Batch Traversal#
Overview#
Batch traversal is an optimization that processes multiple samples together through a tree ensemble, improving cache utilization and enabling vectorization. The key insight is that tree structure is read-only during inference—if we process many samples simultaneously, they all share access to the same tree nodes.
The Cache Efficiency Problem#
Modern CPUs have a memory hierarchy:
Level |
Size |
Latency |
What fits |
|---|---|---|---|
L1 Cache |
32-64 KB |
~4 cycles |
A few tree levels |
L2 Cache |
256-512 KB |
~12 cycles |
Several small trees |
L3 Cache |
4-32 MB |
~40 cycles |
Many trees |
RAM |
GBs |
~200+ cycles |
Everything |
Single-sample processing problem:
FOR sample IN batch:
FOR tree IN forest:
output[sample] += traverse(tree, sample) // Tree loaded from RAM
// Evicted before next sample uses it
Each tree is loaded from RAM, used once, and evicted before the next sample can benefit.

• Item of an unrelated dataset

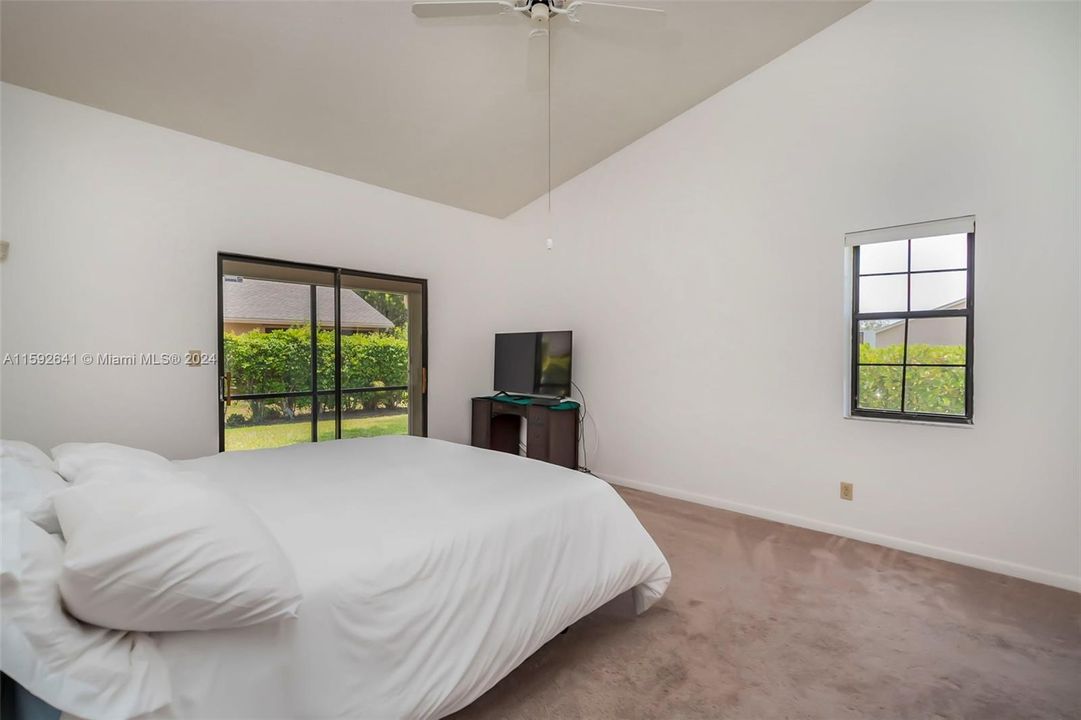 Recently Sold: $395,000 (3 beds, 2 baths, 1249 Square Feet)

Batch processing solution:
FOR tree IN forest:
FOR sample IN batch:
output[sample] += traverse(tree, sample) // Tree stays in cache
// Reused by many samples
Tree stays in cache while all samples in the batch traverse it.
Block-Based Traversal#
The Algorithm#
Rather than processing samples one at a time, group them into blocks:
ALGORITHM: BatchPredict(samples, trees, block_size=64)

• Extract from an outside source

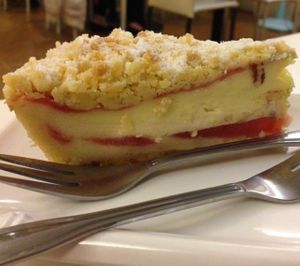 strawberry cheesecake at Loving Hut - Huaining in Taipei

------------------------------------------------------
1. FOR block IN samples.chunks(block_size):
2. // Load features for entire block
3. block_features <- LoadFeatures(block)
4.
5. FOR tree IN trees:
6. // Traverse all samples in block through this tree
7. leaf_indices <- TraverseBlock(tree, block_features)
8.
9. // Accumulate leaf values
10. FOR i FROM 0 TO block.size:
11. output[block.start + i] += tree.leaf_value[leaf_indices[i]]
Why Block Size Matters#
Block Size |
Pros |
Cons |
|---|---|---|
Small (1-16) |
Low memory, simple |
No vectorization, high loop overhead |
Medium (32-64) |
Cache-friendly, vectorizable |
Good balance for most workloads |
Large (128-256) |
Better amortization |
Memory pressure, samples diverge quickly |
Recommended default: 64 samples
This matches:
Typical L1 cache line behavior
Common SIMD register widths (8x8 or 4x16 patterns)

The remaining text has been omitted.